So If I use two small 12 volt batteries in my 2 AAA minimag light with a 1K resistor I should be OK. I figured 24 volts - 4 volts for the light would be 20 volts devided by .02 mA would be 1K. According to your post, I should take voltage dropped (which is 20) times .02 mA = .4 watts
I don't know if using .4 watts is good or bad but I'll give it a try and see how it goes. Thanks.
 
Brad,

Using 2 12V batteries in series is a total waste of the 2nd battery if you are only lighting one LED. All the energy of the 2nd battery will just be dissapated by the resister.

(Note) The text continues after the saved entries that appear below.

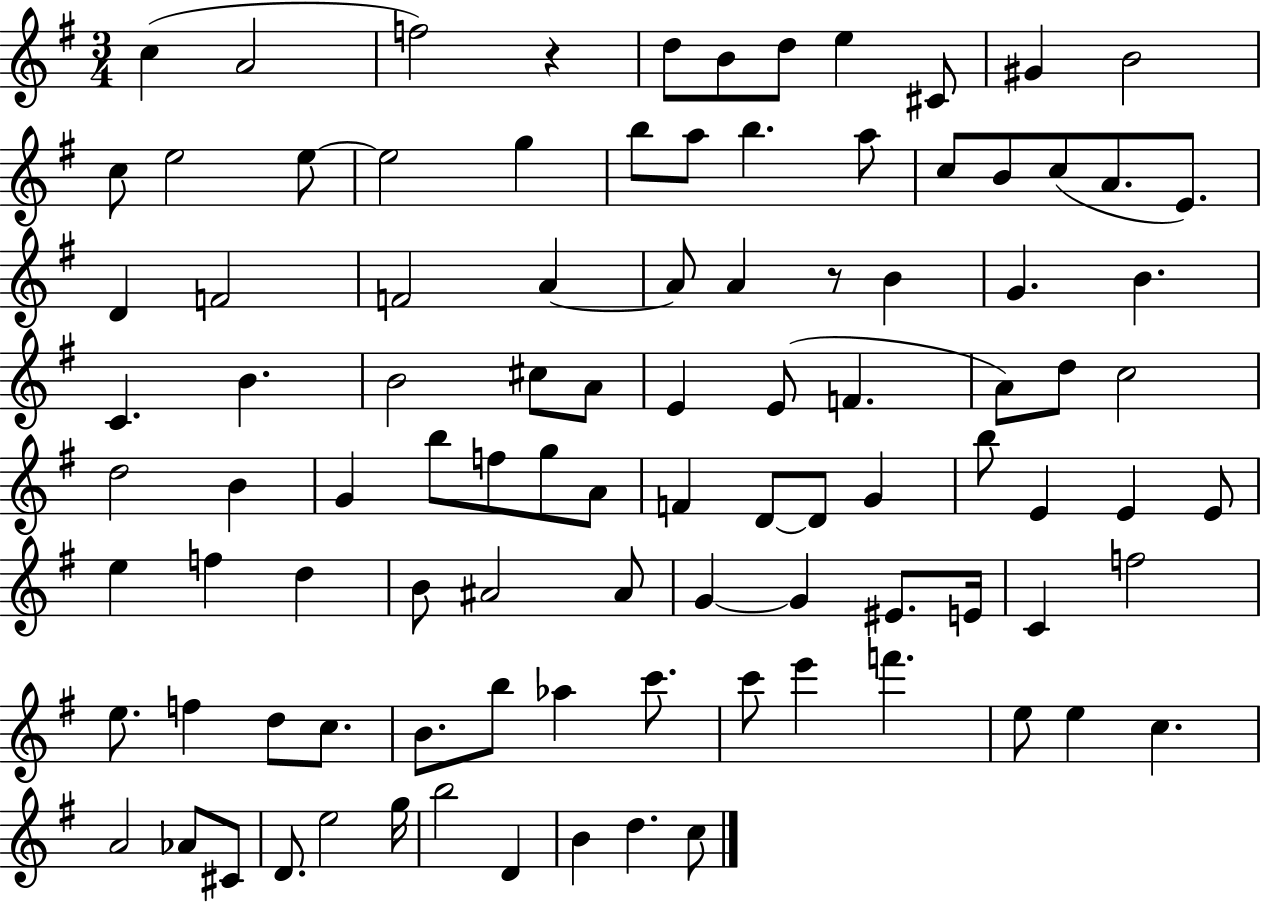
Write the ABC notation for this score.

X:1
T:Untitled
M:3/4
L:1/4
K:G
c A2 f2 z d/2 B/2 d/2 e ^C/2 ^G B2 c/2 e2 e/2 e2 g b/2 a/2 b a/2 c/2 B/2 c/2 A/2 E/2 D F2 F2 A A/2 A z/2 B G B C B B2 ^c/2 A/2 E E/2 F A/2 d/2 c2 d2 B G b/2 f/2 g/2 A/2 F D/2 D/2 G b/2 E E E/2 e f d B/2 ^A2 ^A/2 G G ^E/2 E/4 C f2 e/2 f d/2 c/2 B/2 b/2 _a c'/2 c'/2 e' f' e/2 e c A2 _A/2 ^C/2 D/2 e2 g/4 b2 D B d c/2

If you want to make the LED light longer using 2 12V batteries than you need to have the batteries in parrallel.
 
Mike's right-
The thing is, the less voltage you need to drop across the resistor, the better the efficiency. As you can see from your calculations, you are wasting 0.4 watts to make heat and only using 0.08 watts(4 x 0.02) to make light. Only one sixth of the energy is used by the LED!
Chet
 
Thanks Mike and Chet. I think I get it now.
I converted the Minimag last night. It's running at 50 mA. Nice and bright but I see I don't need the second battery if it's just being wasted. What I really wanted was longer light without changing the batteries.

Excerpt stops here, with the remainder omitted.